As the Scope has reported previously, an FTA with the United
States is not as important a priority to Japan's business
community because U.S. tariffs and other barriers are already
very low.

In contrast, Japanese business leaders became very concerned when
Korea set its sights on signing a free trade agreement with the
EU.

Barriers to the European market are formidable and, if Korea
signs a deal, Japanese business -- in contrast to the perception
about a U.S.-Korea deal -- would be disadvantaged.

Echoing this sentiment, Trade Minister Amari told reporters this
week that free trade agreements with the United States and
European Union were "inevitable" for Japan, and noted that any
deal that Korea works out with the EU would hurt Japanese exports.

Japan's Agriculture Ministry has viewed with suspicion
negotiating a bilateral agreement with the European Union.

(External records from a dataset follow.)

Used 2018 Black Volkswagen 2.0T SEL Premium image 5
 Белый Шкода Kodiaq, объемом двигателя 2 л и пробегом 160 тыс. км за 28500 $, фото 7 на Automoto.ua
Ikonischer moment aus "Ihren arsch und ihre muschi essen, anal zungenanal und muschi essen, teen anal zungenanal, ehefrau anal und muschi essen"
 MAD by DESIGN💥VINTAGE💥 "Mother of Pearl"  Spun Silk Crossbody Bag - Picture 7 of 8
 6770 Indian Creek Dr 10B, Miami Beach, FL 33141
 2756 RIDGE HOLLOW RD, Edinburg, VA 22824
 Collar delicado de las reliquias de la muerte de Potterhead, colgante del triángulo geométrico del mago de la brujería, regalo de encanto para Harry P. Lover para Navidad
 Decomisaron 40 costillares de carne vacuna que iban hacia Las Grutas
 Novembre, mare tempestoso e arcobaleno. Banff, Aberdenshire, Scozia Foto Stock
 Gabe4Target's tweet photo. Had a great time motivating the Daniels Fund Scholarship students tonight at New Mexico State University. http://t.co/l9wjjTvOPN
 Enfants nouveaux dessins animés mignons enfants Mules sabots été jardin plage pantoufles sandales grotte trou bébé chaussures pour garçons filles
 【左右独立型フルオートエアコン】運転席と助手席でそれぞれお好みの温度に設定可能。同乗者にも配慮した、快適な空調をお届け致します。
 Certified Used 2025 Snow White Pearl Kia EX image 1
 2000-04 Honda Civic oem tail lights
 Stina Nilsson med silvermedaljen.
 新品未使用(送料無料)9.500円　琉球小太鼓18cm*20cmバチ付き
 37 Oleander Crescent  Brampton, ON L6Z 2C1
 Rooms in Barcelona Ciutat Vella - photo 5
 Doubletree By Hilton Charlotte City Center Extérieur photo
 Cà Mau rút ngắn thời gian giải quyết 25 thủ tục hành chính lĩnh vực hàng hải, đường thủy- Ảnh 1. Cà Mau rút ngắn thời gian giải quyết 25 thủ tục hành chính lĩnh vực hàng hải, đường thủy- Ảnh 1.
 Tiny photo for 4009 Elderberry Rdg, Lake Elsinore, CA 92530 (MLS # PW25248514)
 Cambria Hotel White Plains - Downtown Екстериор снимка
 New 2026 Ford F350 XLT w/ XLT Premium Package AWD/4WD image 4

When asked, however, by reporters this week about the Business
Dialogue Roundtable study group to be formed, new Agriculture
Minister Endo said such a deal would have some positive effects
in some sectors. He added that he would have to consider the
merits of any deal in a broader context.

According to the Asahi story, the study group aims to have a
proposal ready in time for the G-8 Summit in Hokkaido, when the
EU and Japan can take it up in a bilateral. (ECON: Nicholas
Hill)

14. (SBU) Beef on Back Burner
--------------------------------------------- ---------

Authorities at the Agriculture and Health Ministries have
accepted USDA's offer to participate in joint unannounced audits
of U.S. slaughter houses beginning September 17. This fulfills
an earlier commitment by USDA and will have little bearing on
Japan's current age restrictions on U.S. cattle.

Meanwhile, with new Agriculture Minister Endo arriving on the job
this week, there has been very little movement on the beef issue.

When cornered on the subject during his inaugural press
conference on August 27, Endo said he planned to defer to the
experts on his staff.

Endo is from Yonezawa in Yamagata Prefecture, famous for its
Japanese-style wagyuu beef. As Vice Agriculture Minister in 2001,
Endo took the lead in introducing blanket testing of beef.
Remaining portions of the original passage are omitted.